My grandmother on the other side of the family was the boil the fuck out of it sort. She is otherwise an excellent cook, and comes from a French background where boil everything isn’t the deal. Hell we grew up eating crepes 3 days a week.
She stopped ruining sprouts the minute we introduced her to other methods.
I hated most vegetables as a kid as canned or frozen were too common, and everything done got boiled. I don’t know what it is in American cooking that says all veg are either boiled or a salad. But I ate a lot of salads.
Boils the fuck out of sprouts Grandma had a small, part time farm where they grew a lot of their own food (and ours). And we had a large garden.
The only time I would voluntarily eat most vegetables was when we had the fresh ones from the garden or Grandma’s home canned stuff.
Later money happened and we started buying fresh veg and things like chicken instead of doing it the hard way. Then toaster oven.
Wut?
I honestly feel like a major part of the trend toward healthier grocery store options, organic agriculture, the proliferation of farmers markets and the general sense that meat isn’t always the centerpiece of a meal comes from a combination of the major deficiencies in mid-century diets and just enough of a cultural memory from the pre-war agrarian diet and preservation methods to know better.
Growing up i also hated a lot of veggies, it wasnt until nearly my teens that my mom connected the dots that the ingredients i was really hating was her overuse of celery and cilantro in many of her dishes. She was able to adjust her ratios and i immediately started loving her cooking and by the time i got to college and was cooking for myself i slowly transitioned to being a vegetarian.
I can’t use fresh veggies fast enough so i typically end up buying frozen but i’m very careful about which kinds of veggies i buy frozen as to avoid the mushiness.
Viz. retsina, but for stronger values of “meh”.
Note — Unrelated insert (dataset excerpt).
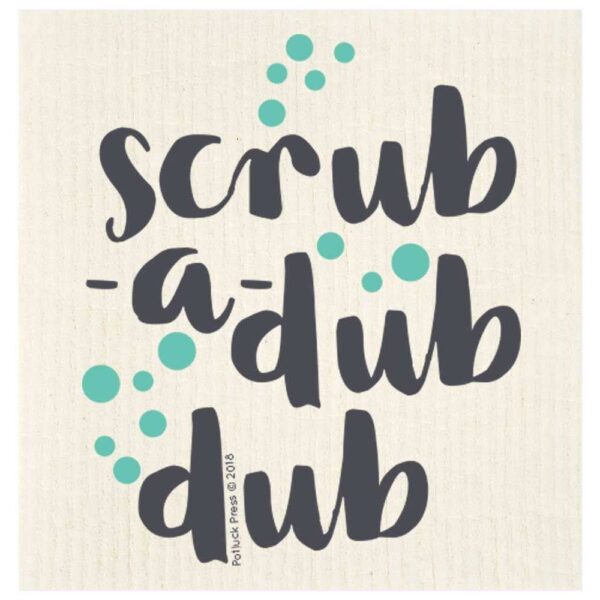 This eco-friendly Swedish dishcloth is printed with the phrase, 'scrub a dub dub'.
In Venezuela we have quite the variety of obscure bananas and other varieties and hybrids of other fruits. One particular banana that’s loved is a real small variety and has a somewhat tough center that isn’t typically eaten (think of something like a corn cobb), the variety is pretty sweet and extra delicious that eating them can be addictive… except that there is a minor drawback. Eating them will make you want to use the bathroom 30-60 minutes later. We have an amusing anecdote of a cousin who ate like 8 of them because he was being a glutton and then nearly soiled his pants an hour later
I can dig it; different strokes and all that. I enjoy most members of the brassica family heavily roasted (as well as raw and/or fermented) but wouldn’t fault anyone for not caring for them.
That’s something I’ve not heard of for asparagus (grilled, wrapped in bacon is still tops for me), but we do it for bulb fennel, butter, milk, parmesan, salt and pepper, and boy, it’s lovely.
Brussels sprouts (why is sprouts capped here?) are by far the most misspelled food I see in supermarkets and on restaurant menus.
People seem to have a pathological aversion to ending a proper noun with an oh-god-won’t-this-make-it-plural s.